The characters look terrific. Seamless polygons and incredibly lifelike movements
coupled with the reversal system and multi-tiered levels lead to one of the
most cinematic action games in town. You’ll grab a kick in mid-air and counter
with a three-punch reversal, which sends your opponent sailing over the edge
of a castle wall for a 50-foot freefall drop. Then you pounce down after him
and continue the fight. This is good stuff.
Story mode allows you to take any of the 8 characters through a series of battles
to uncover their past. Or at least that was the concept, though the end product
is a thoroughly disjointed and ill-conceived excuse for a plot. I’ve played
through with every character, read the manual from cover to cover, and still
have NO IDEA WHAT’S GOING ON. Next time, someone hire a guy (or baby, or a chimp)
to write a decent story.
The other modes include Time Attack, Sparring and Tag Team, which pits 2 on
2. This allows for some brutal double team throws. A few new levels have been
added in Tag mode, which is a nice touch. One brand new mode altogether allows
you to actually record an entire fight for playback, so you can slow-mo the
massacre. It’s really cool, though I wish they integrated it into the other
modes rather than make it an entire mode unto itself. Any garage band would
tell you that sometimes the coolest stuff happens when you least expect it,
not when you happen to hit the “record” button.
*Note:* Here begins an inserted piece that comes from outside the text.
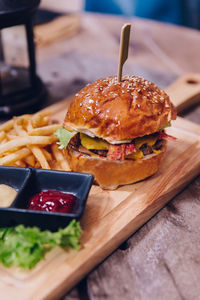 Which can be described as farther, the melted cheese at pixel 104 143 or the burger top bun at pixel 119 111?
the melted cheese at pixel 104 143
Survival mode has been altered a bit as well. Rather than just going for as
many kills as possible, you’re going for points. The longer you last and the
more ass you kick leads to a higher score. You can also collect items, which
can give added health and eventually open up new costumes and stuff.
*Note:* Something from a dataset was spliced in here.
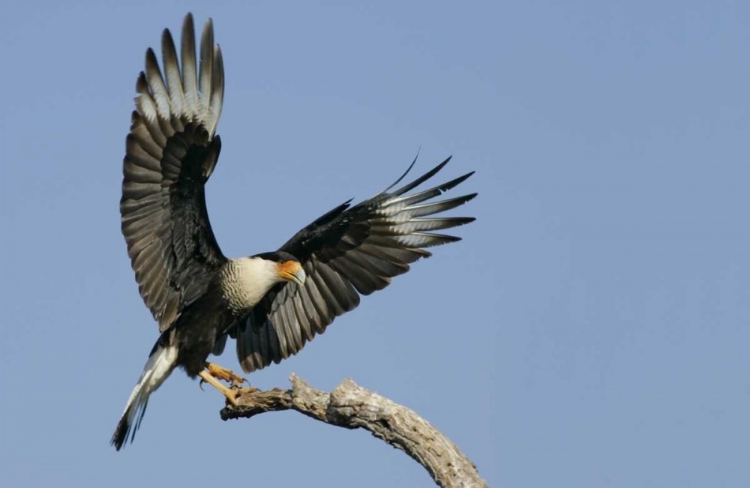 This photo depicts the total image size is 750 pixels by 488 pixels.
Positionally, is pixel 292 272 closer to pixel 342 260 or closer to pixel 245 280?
pixel 245 280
Speaking of which, there are a ton of new costumes to unlock, though doing
so is a royal pain. You have to beat each mode a million times with each guy.
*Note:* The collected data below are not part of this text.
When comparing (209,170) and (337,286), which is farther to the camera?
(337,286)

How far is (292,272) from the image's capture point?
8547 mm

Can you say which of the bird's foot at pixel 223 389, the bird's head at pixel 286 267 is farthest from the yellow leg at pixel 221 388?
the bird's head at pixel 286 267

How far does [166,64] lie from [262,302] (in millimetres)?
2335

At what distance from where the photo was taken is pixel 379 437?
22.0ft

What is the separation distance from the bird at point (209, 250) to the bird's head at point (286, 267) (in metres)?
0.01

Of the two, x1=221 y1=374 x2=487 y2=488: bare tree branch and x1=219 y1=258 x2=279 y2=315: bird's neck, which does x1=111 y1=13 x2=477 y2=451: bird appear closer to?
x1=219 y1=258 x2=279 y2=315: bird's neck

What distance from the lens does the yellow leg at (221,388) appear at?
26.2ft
Ah, nothing like a reward for repetition. Practice may make perfect, but I’d
gladly take “fun” instead.
Sadly, there are only two new characters, one of which (Bayman) is just a tweaked
version of a standard character (Leon.) That means that after unlocking everything,
there are only 10 playable characters. Considering what other fighting games
offer (Soul Calibur, anyone?),
this is a measly helping and was clearly just an afterthought. It’s too bad,
really, since the gameplay is so fun.
What would DOA be without boob jubbling (which, by the way, is Tecmo’s
technical term for the excessive breast bounciness)? The girls of DOA
let it all hang out, but I’m disappointed that they didn’t integrate the jubbling
into the fighting. I keep waiting for a move called the “Slammary!”
The sound effects are fine, though the music is just awful. Can we stop with
the 1988 heavy metal guitar riffs? I didn’t know Motley Crue had a patent on
The big question is obvious: how does this stack up against Tekken Tag?
Well, that’s sort of like asking how Frosted Flakes compare with Fruit
Loops. They’re both sugar-coated and they’re both bad for you, but they
taste different. Tekken fans will probably dislike the somewhat limited
depth of DOA Hardcore, though the cool reversal system and tremendous
graphics make it worth the price of admission for most.